Wasteful Spending on 340B Keeps Growing and Growing | Citizens Against Government Waste

Wasteful Spending on 340B Keeps Growing and Growing

The WasteWatcher

One of the many programs whose problems seem to have gotten lost during the response to the COVID-19 pandemic is the 340B drug safety-net program.  Citizens Against Government Waste (CAGW) has expressed concerns about 340B since 2014, including a June 18, 2018 letter signed by 58 organizations to Health and Human Services Secretary Alex Azar, calling for reforming the program. 

Originally created to help uninsured, indigent patients get access to prescription drugs, the program is now used by hospitals and for-profit pharmacies as a virtual ATM to generate millions of dollars in profit, forcing consumers and taxpayers to pay for the safety-net program’s exploitation.  Because there is no clear definition for a 340B patient, hospitals and their contract pharmacies that participate in the program can utilize the discount program on patients with insurance, keeping the spread between the deeply discounted 340B price and insurance reimbursement. 

Some of the reforms CAGW has called for include legislation to clarify that 340B patients must have a low income and are not insured to make sure the program is protected for them and the savings are not used to fatten hospital and pharmacy coffers.  Because it is a price control program, its exponential growth helps to distort the entire pharmaceutical marketplace, driving up costs for everyone.

A June 9, 2020 Drug Channels article reported that based on information provided by the Health Resources and Service Administration, which runs 340B, the program reached $29.9 billion in sales for 2019, a 23 percent increase over 2018.  That equals a 232 percent increase over the $9 billion cost of the program in 2014.   The 340B program alone accounts for 8 percent of the total U.S. drug market and cost almost as much as outpatient drug sales under Medicaid.  The article pointed out that 340B does not have Medicaid’s regulatory infrastructure, so “Medicaid rebates directly and transparently lower drug costs for the government, while 340B discounts disappear into providers’ financial statements.”

The Berkley Research Group (BRG) found that the 340B program increase by 170 percent since 2015 in its June 2020 report, “Measuring the Relative Size of the 340B Program.”  According to BRG, in 2018, healthcare providers purchased one in every seven units of branded drugs through the program and the only federal prescription drug program larger than 340B is Medicare Part D.
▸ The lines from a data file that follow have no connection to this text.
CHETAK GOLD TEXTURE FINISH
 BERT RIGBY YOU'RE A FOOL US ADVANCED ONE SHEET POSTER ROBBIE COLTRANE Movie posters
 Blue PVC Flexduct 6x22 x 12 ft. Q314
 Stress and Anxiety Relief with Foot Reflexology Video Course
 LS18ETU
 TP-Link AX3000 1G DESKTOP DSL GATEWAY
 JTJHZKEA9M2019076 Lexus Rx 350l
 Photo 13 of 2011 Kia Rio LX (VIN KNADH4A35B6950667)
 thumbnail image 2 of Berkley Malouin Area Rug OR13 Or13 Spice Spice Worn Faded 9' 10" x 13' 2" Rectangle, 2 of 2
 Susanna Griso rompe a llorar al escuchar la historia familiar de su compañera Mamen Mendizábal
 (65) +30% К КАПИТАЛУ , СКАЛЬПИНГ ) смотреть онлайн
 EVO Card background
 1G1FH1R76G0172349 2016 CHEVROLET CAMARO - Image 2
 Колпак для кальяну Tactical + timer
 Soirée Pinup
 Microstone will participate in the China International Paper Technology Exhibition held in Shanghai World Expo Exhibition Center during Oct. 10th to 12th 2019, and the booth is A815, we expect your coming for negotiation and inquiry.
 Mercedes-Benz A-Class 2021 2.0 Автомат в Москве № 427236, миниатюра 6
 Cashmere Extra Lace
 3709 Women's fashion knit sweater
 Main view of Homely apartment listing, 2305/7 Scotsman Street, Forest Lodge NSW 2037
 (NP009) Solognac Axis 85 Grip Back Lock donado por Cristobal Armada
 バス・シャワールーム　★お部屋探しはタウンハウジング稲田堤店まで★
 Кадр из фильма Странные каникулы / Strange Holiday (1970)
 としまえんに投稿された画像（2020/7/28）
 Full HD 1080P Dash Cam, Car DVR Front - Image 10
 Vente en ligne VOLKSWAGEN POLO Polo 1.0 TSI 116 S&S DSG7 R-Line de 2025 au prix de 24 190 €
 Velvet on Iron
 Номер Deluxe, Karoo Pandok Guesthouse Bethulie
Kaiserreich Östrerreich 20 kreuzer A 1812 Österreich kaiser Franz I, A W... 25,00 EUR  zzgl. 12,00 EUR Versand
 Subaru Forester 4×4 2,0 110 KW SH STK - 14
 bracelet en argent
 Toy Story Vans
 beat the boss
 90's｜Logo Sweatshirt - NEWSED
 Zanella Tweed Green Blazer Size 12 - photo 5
The report’s conclusion was the program has grown significantly since 2010, particularly in recent years.  In 2018, purchases through the program represented “14 percent of the overall branded drug market” and that number is likely to grow unless there are regulatory of legislative changes made to the program.

The 340B program started out with good intentions but is now being used by hospitals, for-profit pharmacies, and consultants to pocket billions of dollars.  It is clear if the program is not reformed in order to serve the population it was originally attended to help, it will collapse on its own weight.  As busy as Congress has been spending money, reforming 340B is a chance to save some money.